“This is the best place to be, really!” Ruiz sounds like the proud owner of a particularly convenient lot that he has carefully selected to settle down. “On the one hand we live at the edge of Milky Way, our own galaxy - thus we can see large parts of Milky Way, but we also have a good view out towards the other galaxies!” he explains the earth’s perfect position to us.
We are in the Northern Chilean desert. The area from around Vicuna towards the enormous Atacama Desert sees 340 clear nights per year, and hundreds of astronomical institutes have set up observatories. The largest of them take decades to build, and their telescopes are several meters long. Astronomers from all over the world must make reservations one year in advance and pay a fee of 10 000 USD to use them for one night. For Chile, the investment is so dear that laws are being changed in order to reduce light pollution caused by streetlights and neon advertisements. When Vicuna voluntarily introduced a low-level lighting system several years ago, American researchers rewarded the town with the purpose-built Mamalluca Observatory for tourists. Thus, instead of bothering astronomers at their expensive work place, we can now take a guided tour around the observatory on a hill outside Vicuna.
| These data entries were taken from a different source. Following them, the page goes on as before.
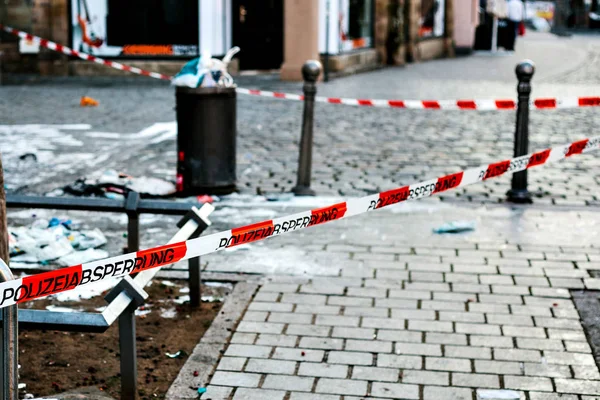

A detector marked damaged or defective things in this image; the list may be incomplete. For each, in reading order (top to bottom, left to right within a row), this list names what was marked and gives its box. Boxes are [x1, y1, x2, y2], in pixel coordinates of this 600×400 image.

bent metal barrier [3, 24, 600, 111]
damaged railing [1, 197, 213, 400]
bent metal barrier [0, 137, 596, 310] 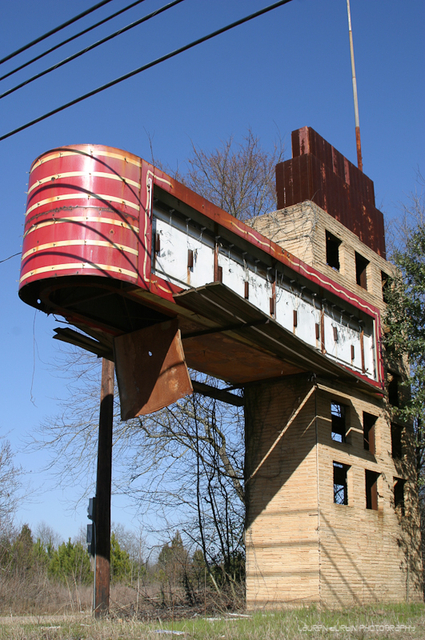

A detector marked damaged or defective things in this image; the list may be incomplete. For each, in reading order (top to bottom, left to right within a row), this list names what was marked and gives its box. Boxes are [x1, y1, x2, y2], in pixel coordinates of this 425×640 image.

rusted metal panel [276, 127, 386, 258]
rusted metal panel [113, 320, 191, 420] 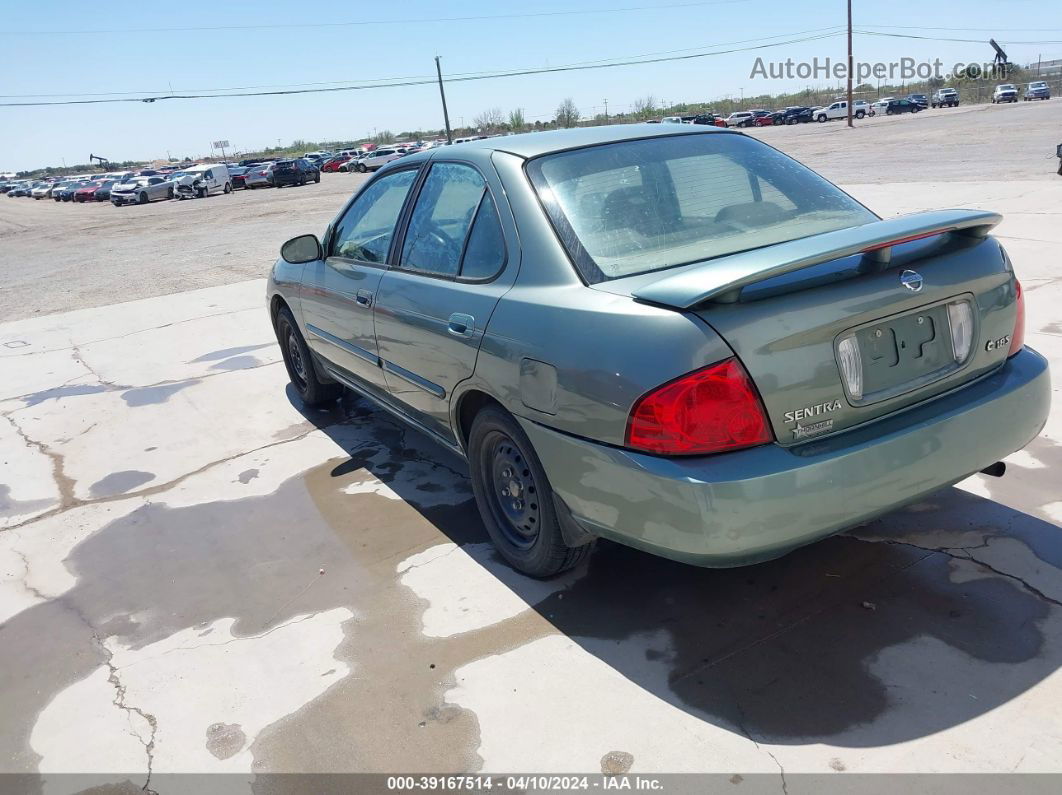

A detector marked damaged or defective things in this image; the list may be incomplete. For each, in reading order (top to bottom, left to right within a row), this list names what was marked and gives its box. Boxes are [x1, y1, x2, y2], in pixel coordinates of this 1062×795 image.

crack in concrete [862, 539, 1062, 607] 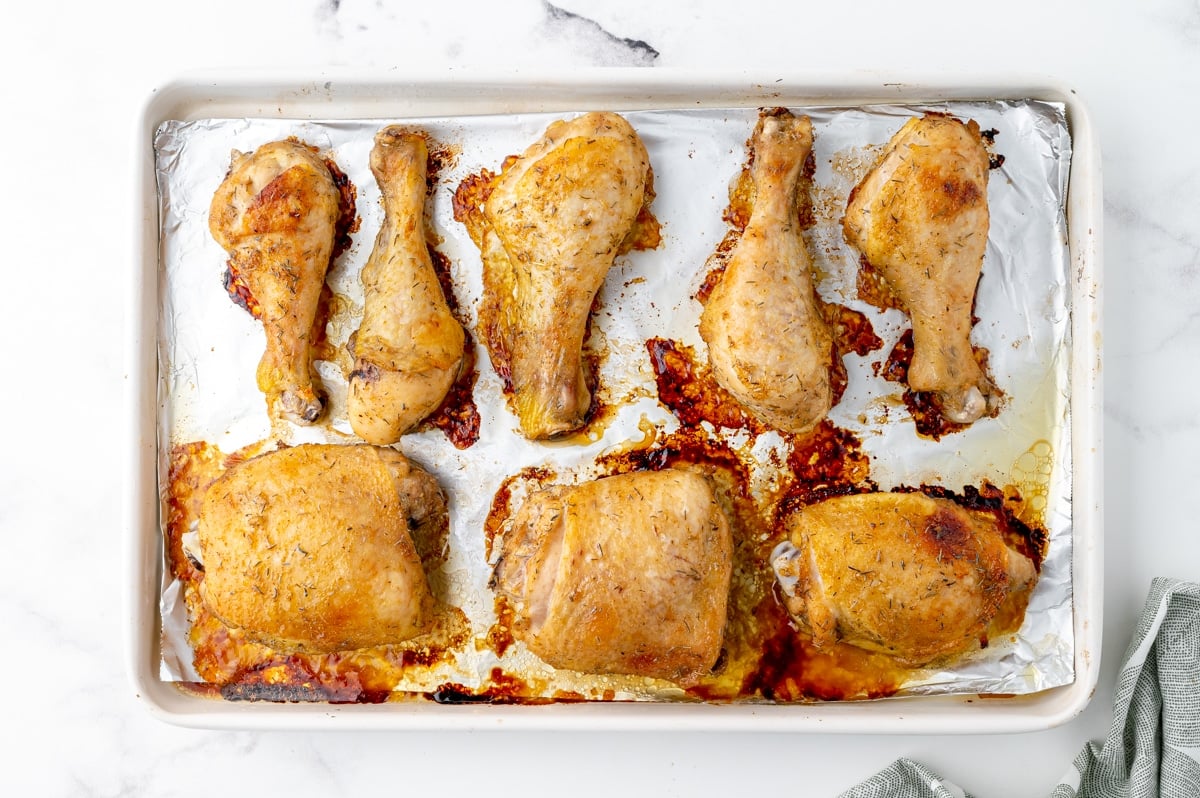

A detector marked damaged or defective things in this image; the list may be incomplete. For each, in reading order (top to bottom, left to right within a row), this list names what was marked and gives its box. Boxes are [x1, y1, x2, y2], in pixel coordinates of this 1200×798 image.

browned burnt spots on foil [883, 331, 1003, 441] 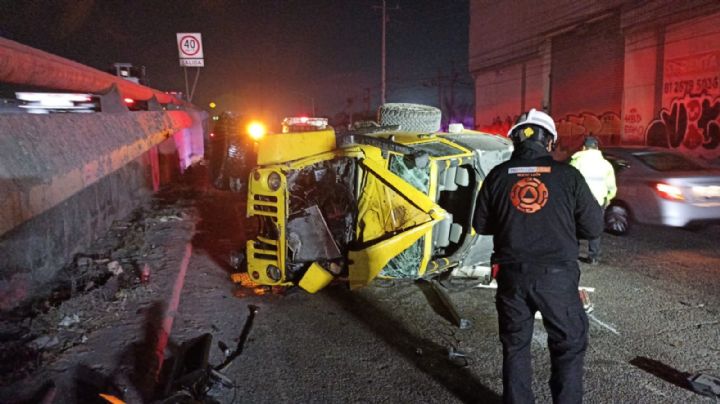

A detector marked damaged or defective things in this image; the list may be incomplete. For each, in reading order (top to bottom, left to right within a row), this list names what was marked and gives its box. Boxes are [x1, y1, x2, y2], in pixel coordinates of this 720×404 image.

overturned yellow jeep [239, 103, 510, 294] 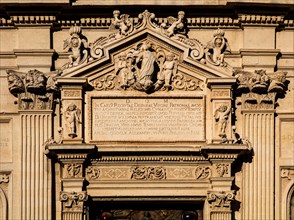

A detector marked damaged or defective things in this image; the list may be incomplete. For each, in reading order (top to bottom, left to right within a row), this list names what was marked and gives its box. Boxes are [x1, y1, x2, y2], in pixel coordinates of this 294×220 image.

broken pediment [60, 9, 234, 93] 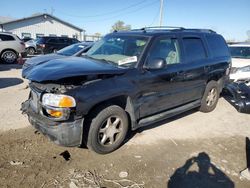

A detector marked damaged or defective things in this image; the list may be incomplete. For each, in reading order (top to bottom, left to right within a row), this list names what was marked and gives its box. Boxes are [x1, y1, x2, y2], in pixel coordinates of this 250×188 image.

dented hood [23, 55, 127, 82]
broken headlight assembly [41, 93, 75, 119]
damaged front bumper [224, 82, 250, 114]
damaged front bumper [21, 99, 83, 146] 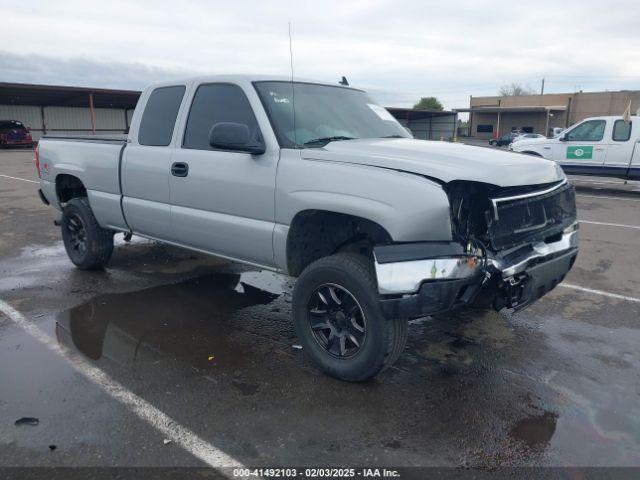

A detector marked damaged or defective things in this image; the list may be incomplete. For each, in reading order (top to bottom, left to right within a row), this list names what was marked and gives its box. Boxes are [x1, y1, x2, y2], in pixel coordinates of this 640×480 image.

front-end collision damage [372, 178, 576, 320]
crushed bumper [376, 223, 580, 320]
The observatory is pitch-dark except for a guidance-system with dimmed coloured lights along the pathways and the sky above us is sprinkled with stars. Ruiz points out a few familiar constellations – Orion is visible from all over the world, we learn. “But you will never see the Little Dipper constellation in the Southern hemisphere.” We also see the famous Southern Cross, which captains used to navigate the oceans for centuries.
Milky Way forms a thick white band above our heads, with two whitish blurs below. “These are the Magellanic Clouds: other galaxies not far from ours, and the only ones we can see with the naked eye,” Ruiz explains. “Magellan discovered and named them during his voyage in 1519-22, but of course he did not know what they are. Ruiz, of whom we only see the blinking dark button eyes, has been a keen hobby astronomer since his early youth. With his soft voice he develops a scenario of creatures living 2000 light-years away. Using very strong telescopes, he elaborates, they could just now observe Jesus growing up.
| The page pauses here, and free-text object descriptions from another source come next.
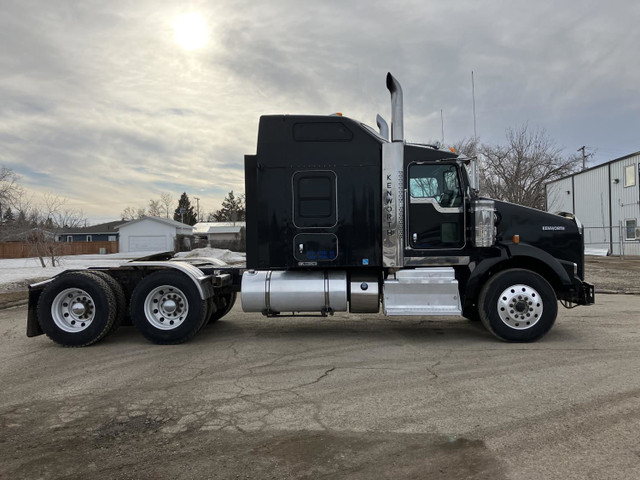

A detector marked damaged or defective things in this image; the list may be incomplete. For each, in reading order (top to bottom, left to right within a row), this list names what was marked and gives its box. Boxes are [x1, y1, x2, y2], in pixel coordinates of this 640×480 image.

cracked pavement [1, 292, 640, 480] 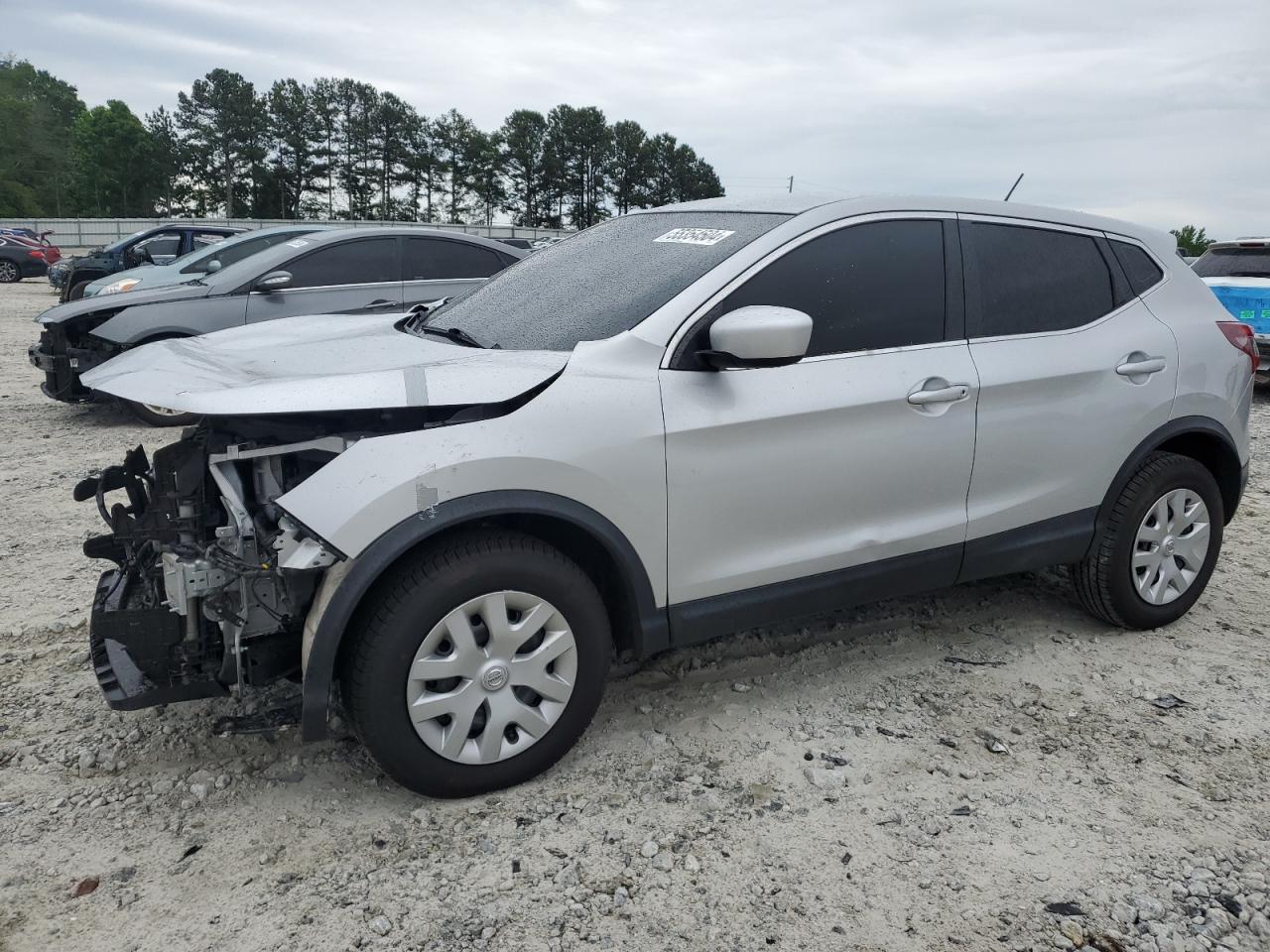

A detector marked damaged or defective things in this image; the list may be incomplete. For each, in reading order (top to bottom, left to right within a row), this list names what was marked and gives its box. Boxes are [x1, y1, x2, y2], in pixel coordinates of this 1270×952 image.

crumpled hood [36, 282, 209, 325]
crumpled hood [80, 313, 572, 415]
severe front end damage [81, 422, 345, 706]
“No – it’s a sticker!,” a woman with a strong British accent and a hoarse voice exclaims in the dark upper story of the observatory. Some other people jostle around the huge telescope, emitting appreciative murmurs. The telescope has an electronic positioning system, and from where we stood we had seen Ruiz enter long letter-number combinations for several stars and star clusters he had shown us before. Only a few hundred of the known stars and planets have names, the others are identified by a numbering system. The last position Ruiz entered had been easy: “SATURN.” And indeed, the small marbled ball we see has a clearly visible hula hoop ring around its corpulent waist.
We take another one of the numerous star observation tours offered in the area. Our guide Jorge focuses on the Andean cosmology. The indigenous peoples of the Andes had quite a different concept of the night sky, we hear. The Incas, for example, used for their orientation star constellations consisting of the dark areas without visible stars within Milky Way. And indeed there is a head with a blinking star-eye, and the dark guanaco (a lama variety) we now come to see does have four legs. Unfortunately the rest of the talk turns into a diffuse mix of esoteric stories and theses without obvious links to the Andean cosmology, and we are glad when it is over.
A few days later we stare at Saturn through a much smaller telescope and need a lot of imagination to see the rings. The telescope is part of the furniture in our “Astrodome”, a modern dome tent construction. The sleeping area just below the dome has a fold-away ceiling and we lie in bed watching the shooting stars fall through the firmament. By now we have had enough practice to be fast with our wishes.